*** DATA SECTION Section Begins ***

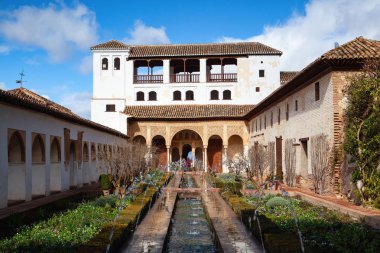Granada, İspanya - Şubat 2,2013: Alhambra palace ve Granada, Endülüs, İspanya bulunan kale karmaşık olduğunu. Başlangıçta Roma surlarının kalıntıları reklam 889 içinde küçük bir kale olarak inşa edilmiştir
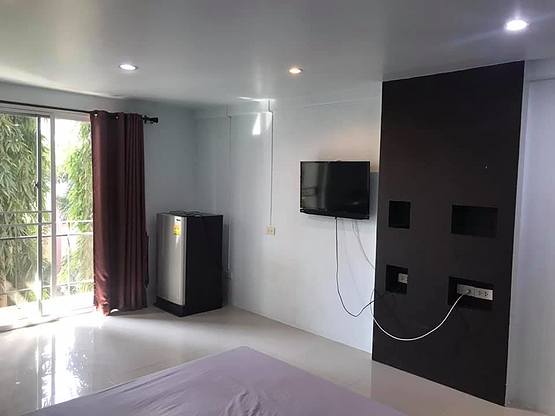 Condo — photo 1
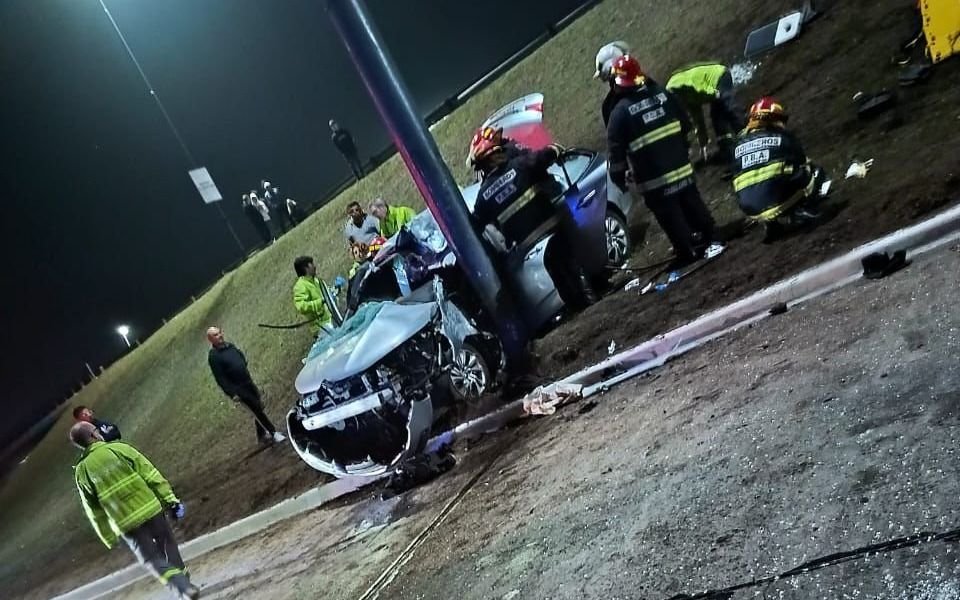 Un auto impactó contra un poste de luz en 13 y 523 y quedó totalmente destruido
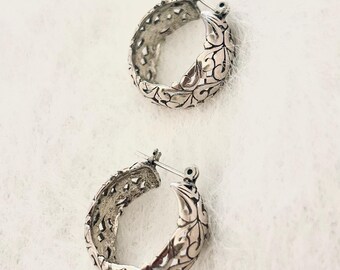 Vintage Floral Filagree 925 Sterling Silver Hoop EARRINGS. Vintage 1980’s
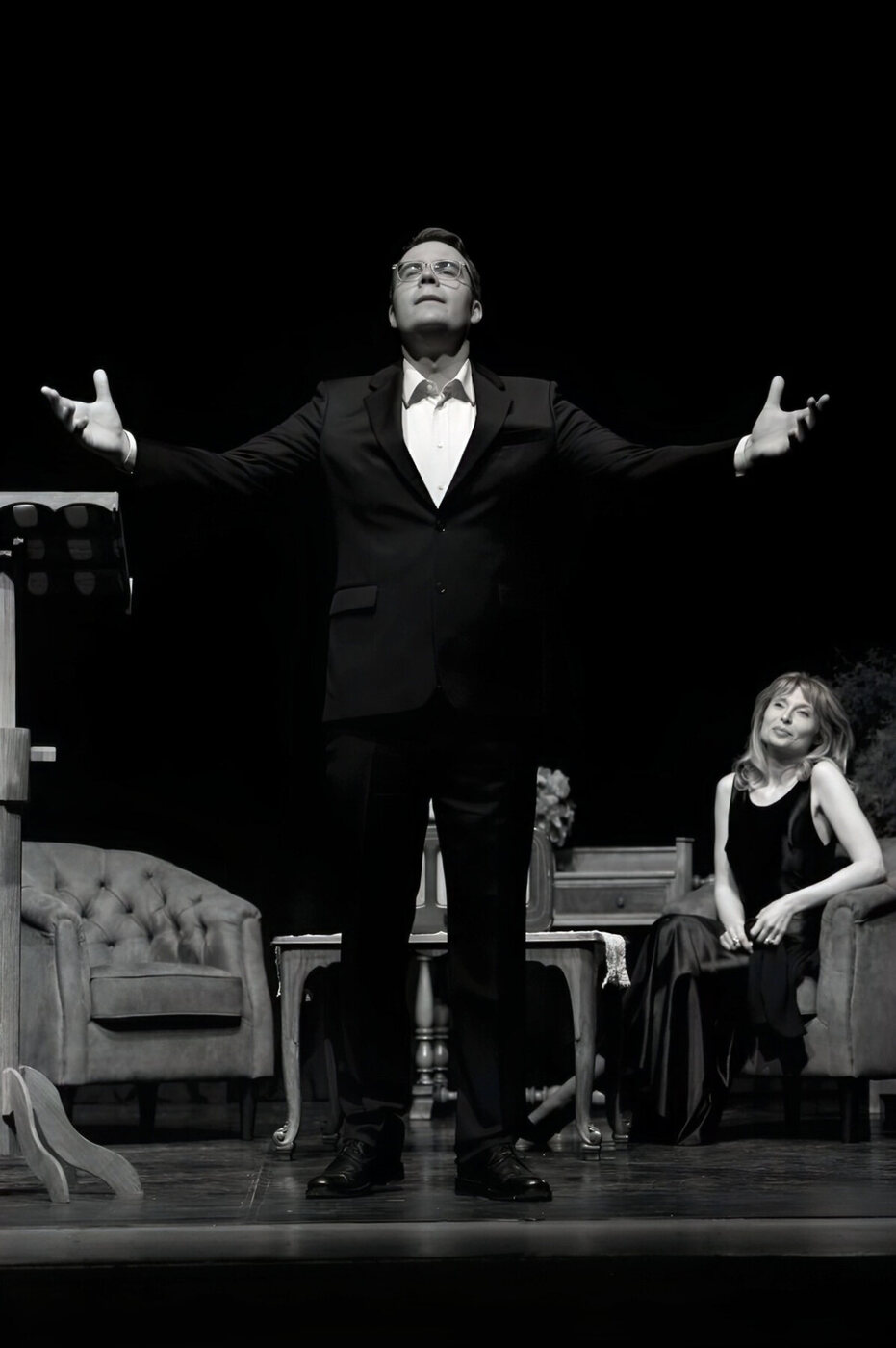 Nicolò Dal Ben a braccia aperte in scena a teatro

*** DATA SECTION Section Ends ***
*** DATA SECTION Section Begins ***

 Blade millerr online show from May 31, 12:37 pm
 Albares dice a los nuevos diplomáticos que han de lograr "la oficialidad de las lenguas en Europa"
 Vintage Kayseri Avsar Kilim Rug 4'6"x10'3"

*** DATA SECTION Section Ends ***

◆ **WHAT YOU ARE ASKED TO DO**
Please return only the lines above, starting at the line that has "Albares dice a" and ending at the line that has "Vintage Kayseri Avsar", keeping both and leaving each one unchanged.

◆ **ANSWER SECTION**
 Albares dice a los nuevos diplomáticos que han de lograr "la oficialidad de las lenguas en Europa"
 Vintage Kayseri Avsar Kilim Rug 4'6"x10'3"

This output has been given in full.